Iring-iringan temanten itu harus diiringi oleh jaran-jaran dengan
melewati bawah tanah dengan diiringi oleh alat musik yang berasal dari
bambu dan besi. Pada zaman sekarang besi ini menjadi kenong. Dan bambu
itu menjadi terompet dan jaranan.
Dalam perjalanan mengiringi temantenya Dewi Songgo Langit dengan
Pujangganom itu, Singo Ludoyo beranggapan bahwa dirinya sudah sampai ke
Wengker, tetapi ternyata dia masih sampai di Gunung Liman. Dia
marah-marah pada waktu itu sehingga dia mengobrak-abrik Gunung Liman itu
dan sekarang tempat itu menjadi Simoroto. Akhirnya sebelum dia sampai
ke tanah Wengker dia kembali lagi ke Kediri. Dia keluar digua
Selomangklung. Sekarang nama tempat itu adalah selomangkleng.
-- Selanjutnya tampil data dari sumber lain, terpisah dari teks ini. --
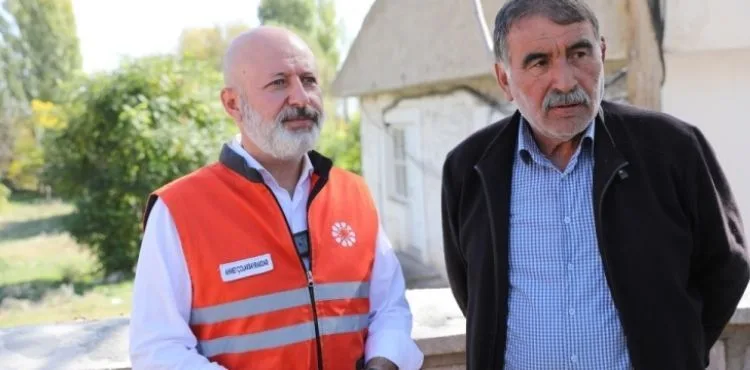 BAŞKAN ÇOLAKBAYRAKDAR, “KIRSAL MAHALLELERİN KÖY KİMLİĞİNİ KORUMASI ADINA BİRÇOK PROJEYİ HAYATA GEÇİRDİK”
Karena Dewi Sonmggo Langit sudah diboyong ke Wengker oleh
Puijangganom dan tidak mau menjadi raja di Kediri, maka kekuasaan
Kahuripan diberikan kepada kedua adiknya yang bernama Lembu Amiluhut dan
Lembu Amijaya. Setelah Sangga Langit diboyong oleh Pujangganom ke
daerah Wengker Bantar Angin, Dewi Sangga Langit mengubah nama tempat itu
menjadi Ponorogo Jaranan muncul di kediri itu hanya untuk menggambarkan
boyongnya dewi Songgo langit dari kediri menuju Wengker Bantar Angin.
Pada saat boyongan ke Wengker, Dewi Sangga Langit dan Klana Sewandana
dikarak oleh Singo Barong. Pengarakan itu dilakukan dengan menerobos
dari dalam tanah sambil berjoget. Alat musik yang dimainkan adalah
berasal dari bambu dan besi. Pada zaman sekarang besi ini menjadi
kenong.
Untuk mengenang sayembara yang diadakan oleh Dewi Songgo Langit dan
Pernikahanya dengan Klana Sewandono atau Pujangga Anom inilah masyarakat
kediri membuat kesenian jaranan. Sedangkan di Ponorogo Muncul Reog. Dua
kesenian ini sebenarnya memiliki akar historis yang hampir sama. Seni
jaranan ini diturunkan secara turun temurun hingga sekarang ini.